The Foundation establishes collaborations with key stakeholders in order to raise awareness of the barriers to reimbursement and to start to break down these barriers.
The Foundation encourages all companies and researchers to consider reimbursement when designing new clinical trials; when appropriate the Foundation will advise or offer feedback on the study design. It is critical to ensure that the clinical trial design will not only demonstrate safety and efficacy, but also will meet insurers’ requirements for superior long-term benefits, quality of life, and cost-effectiveness.

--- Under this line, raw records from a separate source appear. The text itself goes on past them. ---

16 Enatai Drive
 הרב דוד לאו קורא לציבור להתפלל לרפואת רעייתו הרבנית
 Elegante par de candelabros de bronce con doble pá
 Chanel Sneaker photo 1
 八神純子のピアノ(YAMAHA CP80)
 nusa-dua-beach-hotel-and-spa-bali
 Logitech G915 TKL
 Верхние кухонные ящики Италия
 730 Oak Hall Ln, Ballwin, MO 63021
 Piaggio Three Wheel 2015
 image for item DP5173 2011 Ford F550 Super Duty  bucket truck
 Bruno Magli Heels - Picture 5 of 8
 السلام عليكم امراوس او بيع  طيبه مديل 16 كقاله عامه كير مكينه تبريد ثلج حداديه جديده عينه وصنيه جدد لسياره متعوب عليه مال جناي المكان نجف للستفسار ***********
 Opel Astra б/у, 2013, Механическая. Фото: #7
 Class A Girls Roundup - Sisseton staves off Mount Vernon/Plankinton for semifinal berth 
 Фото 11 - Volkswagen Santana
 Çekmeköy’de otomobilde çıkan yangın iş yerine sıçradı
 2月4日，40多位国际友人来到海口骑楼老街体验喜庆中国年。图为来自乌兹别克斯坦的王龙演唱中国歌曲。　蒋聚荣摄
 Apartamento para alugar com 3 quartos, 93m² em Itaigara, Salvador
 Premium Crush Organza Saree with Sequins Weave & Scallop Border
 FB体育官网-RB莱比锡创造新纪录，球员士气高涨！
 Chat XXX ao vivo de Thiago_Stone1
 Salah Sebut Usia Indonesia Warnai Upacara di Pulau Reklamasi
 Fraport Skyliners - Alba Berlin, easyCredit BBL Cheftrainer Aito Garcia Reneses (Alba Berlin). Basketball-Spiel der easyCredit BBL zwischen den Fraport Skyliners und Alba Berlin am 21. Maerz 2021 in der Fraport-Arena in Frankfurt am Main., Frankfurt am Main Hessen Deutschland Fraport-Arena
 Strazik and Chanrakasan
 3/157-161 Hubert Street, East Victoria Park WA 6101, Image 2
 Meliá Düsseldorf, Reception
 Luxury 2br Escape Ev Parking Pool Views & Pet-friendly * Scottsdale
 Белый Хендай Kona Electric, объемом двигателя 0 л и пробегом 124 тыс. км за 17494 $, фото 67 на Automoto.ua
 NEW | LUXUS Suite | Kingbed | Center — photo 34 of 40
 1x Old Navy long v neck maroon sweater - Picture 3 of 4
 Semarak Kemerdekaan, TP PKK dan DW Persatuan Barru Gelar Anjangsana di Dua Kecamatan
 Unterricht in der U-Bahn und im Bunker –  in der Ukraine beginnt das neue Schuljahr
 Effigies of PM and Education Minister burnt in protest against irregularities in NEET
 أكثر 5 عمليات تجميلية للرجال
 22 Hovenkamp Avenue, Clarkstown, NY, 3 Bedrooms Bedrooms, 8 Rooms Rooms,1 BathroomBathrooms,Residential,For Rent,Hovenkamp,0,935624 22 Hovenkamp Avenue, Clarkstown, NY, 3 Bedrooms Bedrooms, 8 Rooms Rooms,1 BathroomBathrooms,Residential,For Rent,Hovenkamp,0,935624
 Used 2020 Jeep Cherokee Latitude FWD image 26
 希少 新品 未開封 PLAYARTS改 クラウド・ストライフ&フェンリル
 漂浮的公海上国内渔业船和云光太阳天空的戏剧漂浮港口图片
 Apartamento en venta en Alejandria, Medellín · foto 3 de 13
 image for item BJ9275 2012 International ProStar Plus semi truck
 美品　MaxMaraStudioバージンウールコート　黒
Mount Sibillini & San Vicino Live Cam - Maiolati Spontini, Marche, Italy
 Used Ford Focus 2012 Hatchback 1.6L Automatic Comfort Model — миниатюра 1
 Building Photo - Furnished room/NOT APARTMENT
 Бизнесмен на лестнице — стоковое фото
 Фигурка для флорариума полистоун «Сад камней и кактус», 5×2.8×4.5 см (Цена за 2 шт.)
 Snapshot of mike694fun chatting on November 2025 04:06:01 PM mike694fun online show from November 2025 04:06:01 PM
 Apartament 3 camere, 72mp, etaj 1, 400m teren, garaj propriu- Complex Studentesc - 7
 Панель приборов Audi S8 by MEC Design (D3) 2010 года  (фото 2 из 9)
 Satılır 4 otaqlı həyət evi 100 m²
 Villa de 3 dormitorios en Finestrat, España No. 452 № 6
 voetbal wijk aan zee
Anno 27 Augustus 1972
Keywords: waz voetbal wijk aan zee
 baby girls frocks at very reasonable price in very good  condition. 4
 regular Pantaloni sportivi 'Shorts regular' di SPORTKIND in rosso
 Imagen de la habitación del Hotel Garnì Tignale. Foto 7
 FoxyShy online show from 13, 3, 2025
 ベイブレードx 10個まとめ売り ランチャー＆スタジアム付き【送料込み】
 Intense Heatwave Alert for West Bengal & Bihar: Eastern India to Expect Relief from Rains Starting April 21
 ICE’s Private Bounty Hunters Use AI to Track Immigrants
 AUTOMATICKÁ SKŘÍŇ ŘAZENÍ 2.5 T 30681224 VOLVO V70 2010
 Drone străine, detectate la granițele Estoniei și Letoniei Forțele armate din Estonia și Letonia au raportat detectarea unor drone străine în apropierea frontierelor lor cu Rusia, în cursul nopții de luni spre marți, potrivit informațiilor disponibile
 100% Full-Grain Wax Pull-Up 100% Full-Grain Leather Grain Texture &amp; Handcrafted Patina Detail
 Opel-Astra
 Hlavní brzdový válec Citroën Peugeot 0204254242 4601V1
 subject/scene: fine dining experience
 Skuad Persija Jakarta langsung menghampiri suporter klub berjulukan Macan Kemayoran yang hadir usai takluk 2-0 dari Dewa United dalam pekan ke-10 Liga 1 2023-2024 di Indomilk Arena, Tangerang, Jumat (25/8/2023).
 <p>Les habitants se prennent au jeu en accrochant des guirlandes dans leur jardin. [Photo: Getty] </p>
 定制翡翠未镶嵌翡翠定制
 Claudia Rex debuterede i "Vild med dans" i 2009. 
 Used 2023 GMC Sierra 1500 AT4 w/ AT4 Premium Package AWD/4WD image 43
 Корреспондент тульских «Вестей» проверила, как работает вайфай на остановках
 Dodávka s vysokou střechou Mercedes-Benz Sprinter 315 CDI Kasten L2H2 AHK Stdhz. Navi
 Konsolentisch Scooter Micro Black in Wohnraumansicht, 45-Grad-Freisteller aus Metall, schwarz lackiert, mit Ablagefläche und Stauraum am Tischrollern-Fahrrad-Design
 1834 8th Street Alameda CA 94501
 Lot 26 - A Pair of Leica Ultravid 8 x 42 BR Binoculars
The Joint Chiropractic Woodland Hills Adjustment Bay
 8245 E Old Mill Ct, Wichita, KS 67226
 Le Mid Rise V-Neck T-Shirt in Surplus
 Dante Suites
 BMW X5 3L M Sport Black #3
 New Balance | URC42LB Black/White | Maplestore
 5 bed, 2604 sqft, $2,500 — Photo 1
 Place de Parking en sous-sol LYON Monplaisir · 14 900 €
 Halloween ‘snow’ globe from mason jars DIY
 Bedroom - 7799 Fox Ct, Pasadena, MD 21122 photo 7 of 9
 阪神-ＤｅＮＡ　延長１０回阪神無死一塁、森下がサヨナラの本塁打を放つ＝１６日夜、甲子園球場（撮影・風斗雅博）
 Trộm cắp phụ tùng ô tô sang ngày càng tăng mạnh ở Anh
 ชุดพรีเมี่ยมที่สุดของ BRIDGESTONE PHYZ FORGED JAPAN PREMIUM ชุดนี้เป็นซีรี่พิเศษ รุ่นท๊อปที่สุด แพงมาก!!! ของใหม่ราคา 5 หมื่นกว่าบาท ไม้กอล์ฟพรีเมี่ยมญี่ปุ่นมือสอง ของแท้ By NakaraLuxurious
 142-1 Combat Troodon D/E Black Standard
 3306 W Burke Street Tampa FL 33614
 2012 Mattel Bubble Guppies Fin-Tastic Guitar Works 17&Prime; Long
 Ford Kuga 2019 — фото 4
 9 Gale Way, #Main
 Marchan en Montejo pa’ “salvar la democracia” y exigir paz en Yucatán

The Foundation has been fortunate to collaborate with leading advocacy organizations including the Medical Imaging & Technology Alliance (MITA) and the Advanced Medical Technology Association (AdvaMed) who have the expertise and relationships to help move the needle on reimbursement for novel medical device therapies like focused ultrasound. Through these partnerships we raise awareness of focused ultrasound therapy among policymakers, payers, and medical specialty societies and drive policies to reduce barriers to commercialization and patient access.
Learn more about our advocacy efforts >
See a white paper from our March 2020 Reimbursement Workshop >
We are also partnering with industry representatives and clinicians to design and implement patient registries to track long-term treatment results that insurance carriers can use to evaluate the efficacy of focused ultrasound treatments.
Furthermore, the Foundation sponsors a CMS (OPPS) Reimbursement Education Program that is designed to help clinical treatment sites optimize their billings, in order to ensure appropriate reimbursement in the future.